Study material START

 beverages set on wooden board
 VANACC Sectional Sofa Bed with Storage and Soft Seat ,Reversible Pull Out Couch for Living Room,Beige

Study material END
Study material START

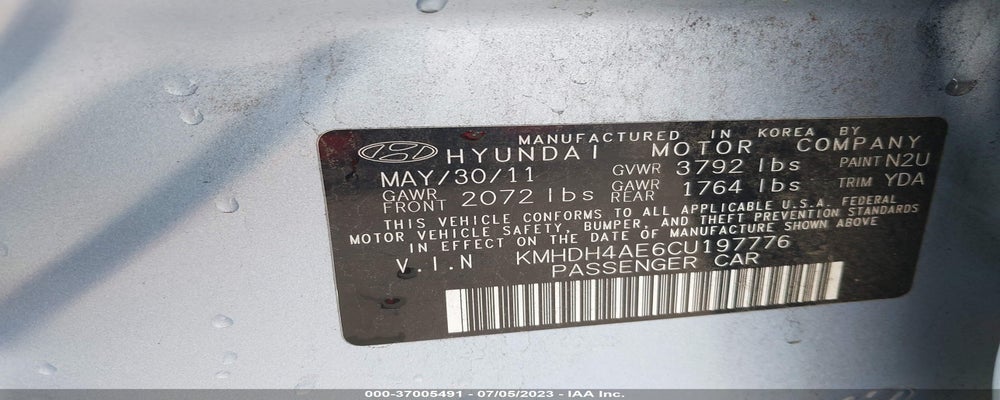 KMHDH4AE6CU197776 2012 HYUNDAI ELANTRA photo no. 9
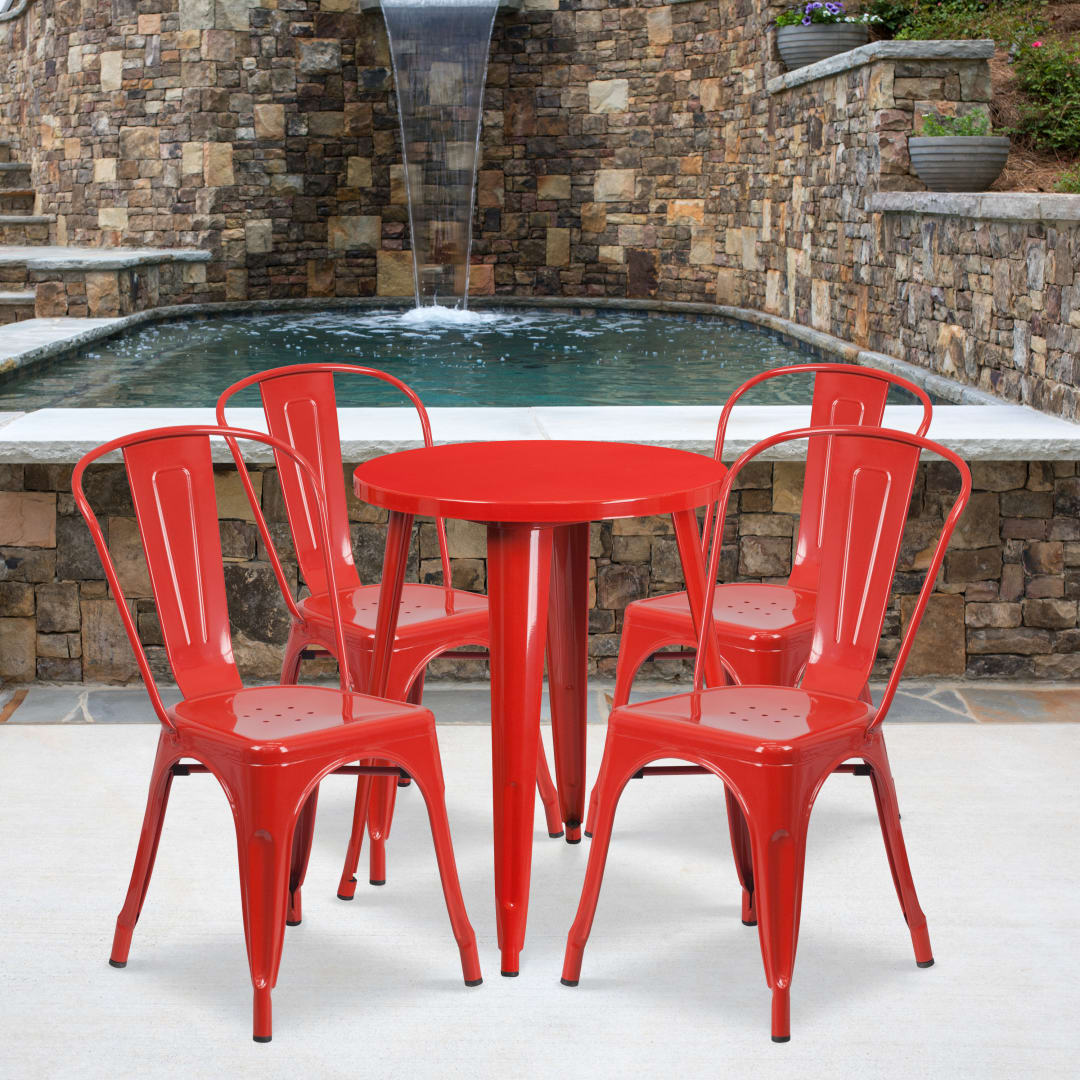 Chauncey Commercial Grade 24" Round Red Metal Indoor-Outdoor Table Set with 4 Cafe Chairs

Study material END

- [What you need to do]:
Retype the portion of the data above that starts on the line with "beverages set on wooden board" and finishes on the line with "VANACC Sectional Sofa", including both of those lines.

- [Task answer]:
 beverages set on wooden board
 VANACC Sectional Sofa Bed with Storage and Soft Seat ,Reversible Pull Out Couch for Living Room,Beige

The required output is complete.